O Estado é a sociedade organizada a propósito de deliberar e atuar na persecução do interesse público, do interesse coletivo. Trata-se de uma ficção jurídica criada para que objetivos coletivos, que não seriam obtidos isoladamente, possam ser concretizados em prol da coletividade. A crise financeira mundial, iniciada no berço do capitalismo, tem suscitado profundas reflexões acerca de modelo de Estado. De um lado, diz-se que findou o liberalismo, ou que o neoliberalismo foi derrotado. De outro, a exemplo do que sustentou em recente entrevista o vice-presidente do Instituto Liberal, diz-se até mesmo que os responsáveis pela crise são os social-democratas, e que ela (a crise) se deve não ao liberalismo, mas ao excesso de intervenção estatal na definição de taxas de juros. Independentemente de estarmos a presenciar o final de uma era ou não, o que destaca-se como relevante é o papel decisivo do Estado para deliberar e atuar no exercício de políticas públicas, inclusive as direcionadas à regulação da economia. Propõe-se desconsiderar, ainda que topicamente, as rotulações de cunho ideológico, no mais das vezes também utilizadas para salvaguardar interesses nem sempre legítimos de grupos determinados.

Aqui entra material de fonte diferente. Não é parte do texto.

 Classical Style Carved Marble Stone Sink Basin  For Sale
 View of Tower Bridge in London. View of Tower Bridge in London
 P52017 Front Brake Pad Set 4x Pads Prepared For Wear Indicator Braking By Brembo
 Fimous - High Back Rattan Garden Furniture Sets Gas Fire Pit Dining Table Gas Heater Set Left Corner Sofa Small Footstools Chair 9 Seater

O fato é que a crise deixa evidente que as relações jurídicas, sociais e econômicas no âmbito de uma nação não podem ficar integralmente à mercê das ditas "regras de mercado", expressão cujo caráter polissêmico e indeterminação conceitual podem produzir resultados indesejáveis e absolutamente inesperados na sociedade, à medida que o seu alcance seja manipulado por interesses meramente privados. A iniciativa privada tem seu espaço perfeitamente delimitado pela Constituição Federal, que assegura que a ordem econômica seja regida pelos princípios da livre iniciativa e livre concorrência (art. 170). Contudo, a atuação privada se subordina a outros princípios e valores constitucionais, como a supremacia do interesse público, a dignidade da pessoa humana, e a função social da propriedade (qualquer propriedade, inclusive do capital!).

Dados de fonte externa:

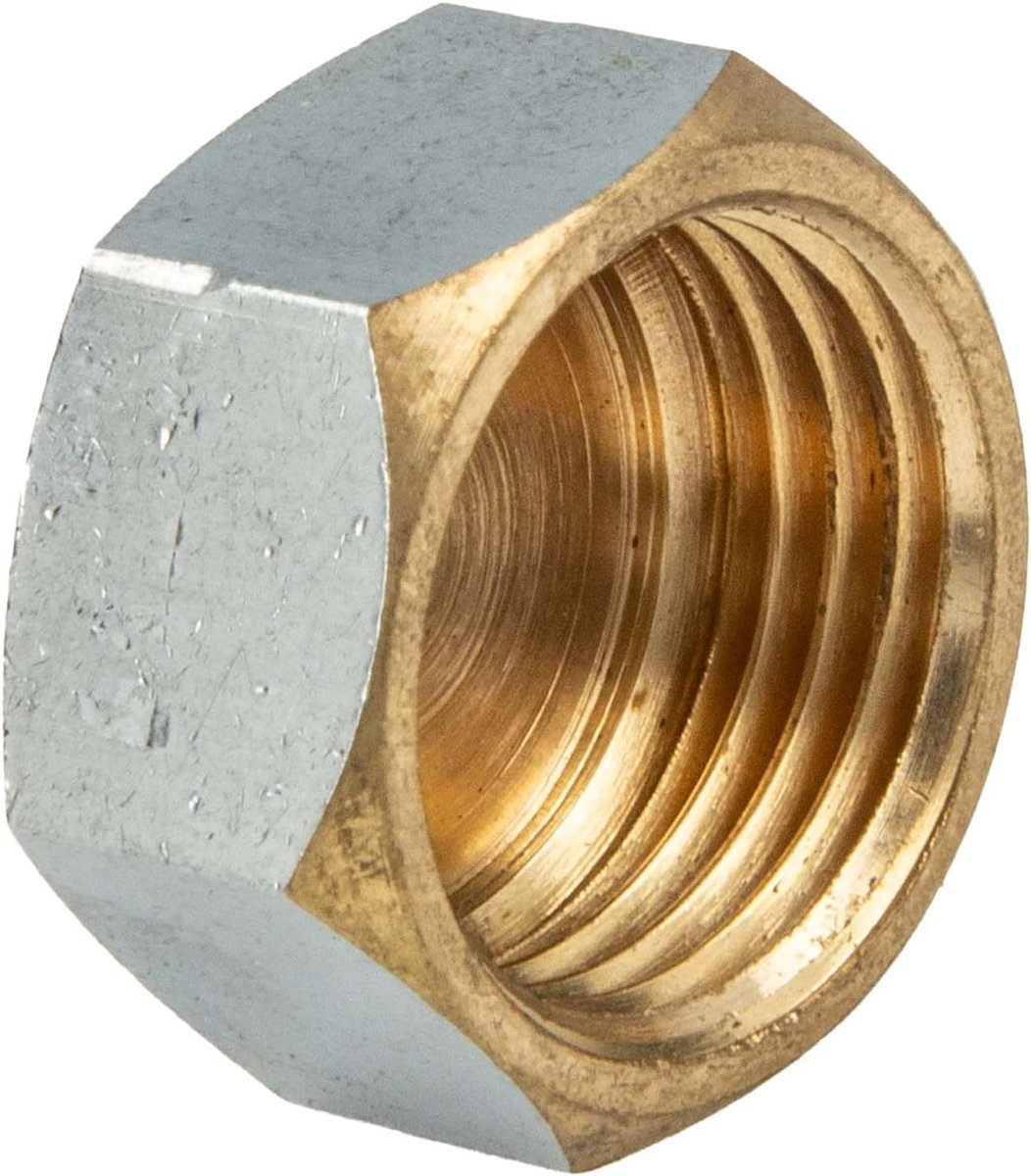 tecuro Kappe met zeskant, binnenschroefdraad Rp 3/4 inch, messing CW617N volgens drinkwaterverordening 50930-6, glanzend verchroomd, IG volgens DIN EN 10226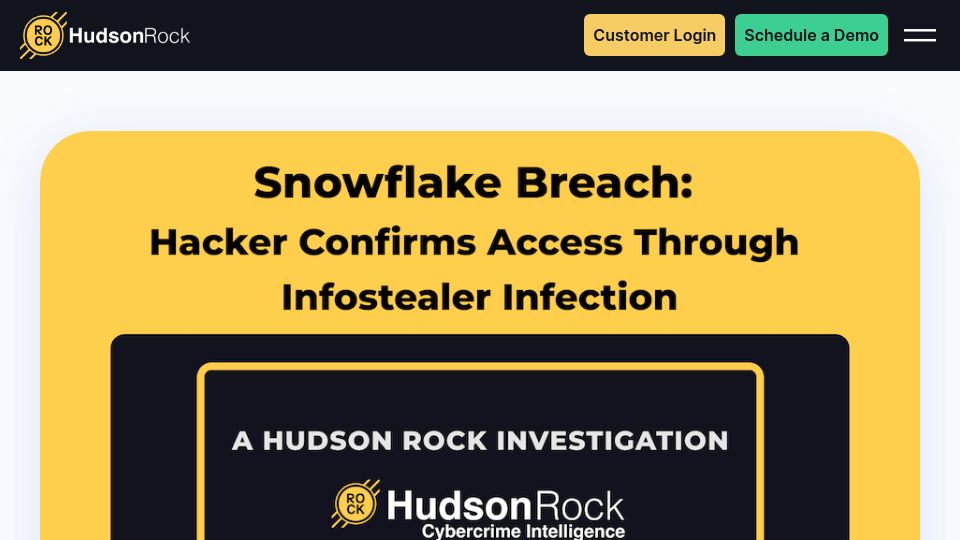 Screenshot of hudsonrock.com: Snowflake breach: Hacker confirms access through infostealer infection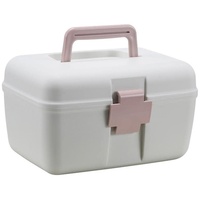 Medizinische Aufbewahrungsbox, tragbarer Medizinschrank 2-lagiger großer Medizinschrank mit Deckel und Griff Erste-Hilfe-Kasten für den Haushalt (Rosa)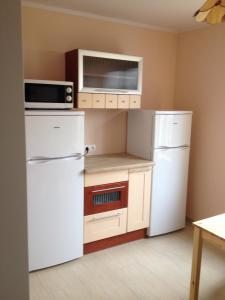 a kitchen with a white refrigerator and a microwave at Willa Na Skraju Puszczy in Zaścianki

Os propósitos da iniciativa privada e do Estado são diversos, conquanto possam por vezes coincidir. O propósito elementar da iniciativa privada é a obtenção de lucro, o que é legítimo, correto, adequado e importante, uma vez que a lucratividade da ação privada produz importantes e indispensáveis repercussões de ordem social e econômica (geração de empregos, inovações tecnológicas, arrecadação tributária, etc.) O propósito do Estado é o interesse público, e sua ação reflete a vontade popular exercida por intermédio da democracia representativa em que pesem todas as críticas que se possa fazer a esse sistema, especialmente por conta da ação corrupta e espúria de alguns parlamentares e governantes. O que se pretende sustentar é que, embora a ação privada seja indispensável para o equilíbrio institucional, a plena liberdade de ação privada jamais produzirá como resultado o bem comum, entendida essa noção como um determinado estado de satisfação e de realização humanas, no qual necessidades básicas e fundamentais sejam razoavelmente atendidas.

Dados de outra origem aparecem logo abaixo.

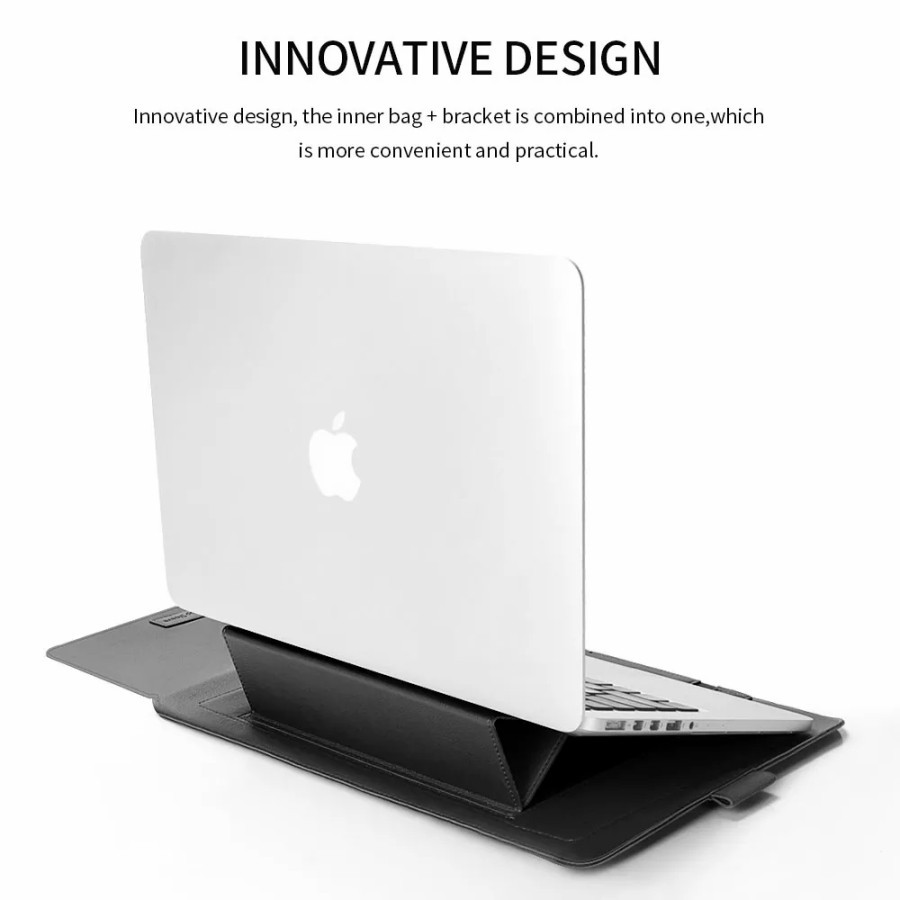 NA - Sarung Macbook Kulit + Stand Premium Leather Laptop Sleeve LE1301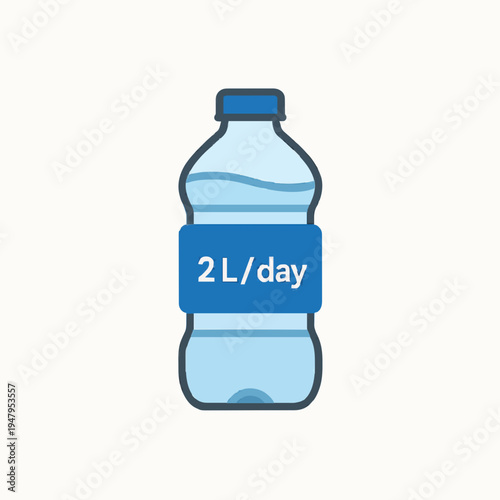 Water Bottle Icon with 2 Liters Per Day Hydration Goal Label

O Estado, pois, deve ser organizado com vistas à intervenção e a regulação necessárias (não mínima, nem máxima, mas a necessária!) de todas as formas de relacionamento (inclusive econômico), com foco no bem comum. Assim não for, como prenunciado por Freud "os relacionamentos ficarão sujeitos à vontade arbitrária do indivíduo, o que equivale a dizer que o homem fisicamente (ou economicamente?) mais forte decidirá no sentido de seus próprios interesses e impulsos instintivos". Não se defende a estatização plena e ampla da vida social e econômica, utopia que quando tentada no mundo dos fatos gerou efeitos danosos para a civilização do leste europeu, como a história já demonstrou. O caminho do meio é o caminho seguro. Deve ser assegurada a liberdade de atuação privada na economia, sob regras de mercado, mas também sob tutela do Estado, para que excessos decorrentes da livre iniciativa e da livre concorrência sejam coibidos antes produzam danos para a sociedade. De outro ângulo, deve ser também assegurado o espaço necessário de atuação estatal na implementação de políticas públicas, com lastro na Constituição, para a obtenção dos valores maiores de qualquer nação: a satisfação plena das necessidades de seu povo e a dignidade da pessoa humana.